Ideas For Surviving A Bear Market


The boiling frog premise is based on the idea that gradual changes are really imperceptible to the human mind. But if we were to put a frog into boiling water immediately, the frog would jump out of the pot of boiling water almost immediately or so they claim. Today, we know that the premise is used as a metaphor instead. Scientists make no claims of the veracity of the boiling frog experiment even though some experiments in the 19th century validate that frogs being boiled alive do not perceive the threat of gradual changes and are indeed boiled alive. Whether this is true or not is debatable. But I would like to mention this idea, at least in passing that, we are frogs especially in the stock market.

Like frogs in water that boil gradually, we, as market participants, being retail investors, institutional investors, bond fund managers, speculators and outside passive minority investors which covers the range of investors above seem to be in a similar situation as frogs placed in water that was being boiled gradually. We are metaphorically being boiled alive by the markets!

Let me make the substantiation. If we wind back the hands of time to the Great Financial Crisis, also known as the subprime financial crisis, we see a situation where the peak of Dow Jones occurred on 9th October 2007.

Source : Google

But it was only the 27th of June 2008 that the market was declared to be in bearish territory.
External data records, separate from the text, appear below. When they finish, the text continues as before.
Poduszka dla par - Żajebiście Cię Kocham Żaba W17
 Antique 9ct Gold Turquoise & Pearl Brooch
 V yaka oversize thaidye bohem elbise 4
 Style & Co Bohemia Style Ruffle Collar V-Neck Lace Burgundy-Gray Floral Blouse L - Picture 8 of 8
This was a good 8 months after the Dow Jones peaked on October 9th 2007. And of course, all of this occurred with the backdrop of a deteriorating financial sector, resulting in a number of notable bankruptcies and then culminating in a desperate push for the troubled asset relief program to purchase failing banking assets. In my mind, the subprime financial crisis began on or around the 9th of October or even earlier than the declaration date of a bear market. Market participants are normally late in determining when bear markets begin and of course, on the flip side, it can be argued that market participants are also often late in determining when bear markets cease. Does the preceding statement not make sense?


Source : Wikipedia

So the snapshot above points to when the bear market was officially declared according to Wikipedia. By that time on or around 27th of June 2008, the Dow Jones had fallen to around 11800 points from around 14066 points.

Don’t Time The Market

So going by what has been written above, market timing is really a folly to some extent.  If market timing is so hard to do and so many get these large turning points wrong, then it would make sense to not go down that path altogether. What you want to do is to be approximately right than precisely wrong. Hence, the idea is to focus strictly on the value one receives in exchange for the price paid. The madness of man cannot be understood in its entirety but it can be predicted with a fair bit of certainty and of course, astute investors can take advantage of that.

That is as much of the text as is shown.